What Is Parental Alienation?
- Deanna Newell
- Jun 16
- 3 min read
Updated: Jun 25

In a Nutshell
Parental alienation occurs when one parent intentionally damages or destroys a child’s relationship with the other parent. It’s not love. It’s not loyalty.
It’s emotional abuse disguised as protection — and it leaves deep, invisible scars.
This often happens during or after a separation, where unresolved anger, control, or financial motives drive one parent to turn the child against the other.
Children may be manipulated through lies, fear, or blame until they reject a parent who once loved and cared for them.
Alienation is never about the child’s welfare.
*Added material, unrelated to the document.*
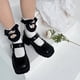 thumbnail image 5 of Calcetines japoneses de estilo Lolita con volantes y volantes para mujer, medias de tubo medio de algodón acanaladas para estudiantes, Harajuku ahuecadas, estilo Kawaii, con lazo,, 5 of 5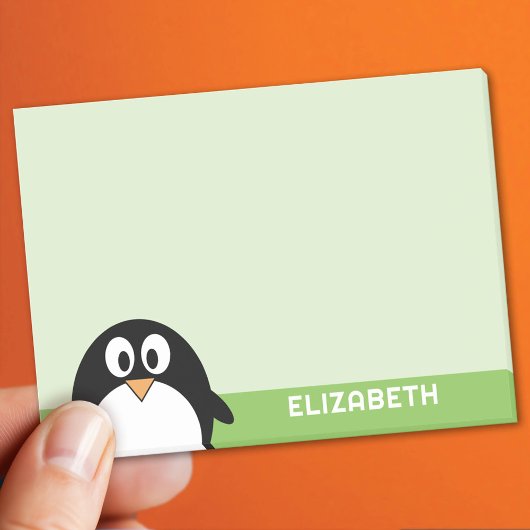 Cute Cartoon Penguin - Custom Name Green Post-it Klebezettel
It’s about punishment, power, and revenge - and the emotional damage can last a lifetime.
How It Begins
Parental alienation often starts when:
One parent leaves an abusive or controlling relationship
A new partner or blended family enters the picture
The rejected parent loses access, power, or financial control
At that point, the alienating parent declares war, and the child becomes the battlefield.
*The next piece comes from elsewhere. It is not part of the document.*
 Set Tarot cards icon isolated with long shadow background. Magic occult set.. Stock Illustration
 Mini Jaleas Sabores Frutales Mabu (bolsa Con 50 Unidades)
This is not co-parenting - this is coercive control.
What It Looks Like
Signs of alienating behaviour:
Constant criticism or belittling of the other parent in front of the child
False allegations without evidence
Cancelling or blocking contact for no valid reason
Coaching the child to fear or reject the other parent
Creating a “good vs. bad” narrative
This isn’t healthy parenting.
It’s grooming, manipulation, and psychological abuse.
The Damage: Invisible Scars
Children caught in parental alienation don’t just lose a parent -
They lose stability, trust, and part of themselves.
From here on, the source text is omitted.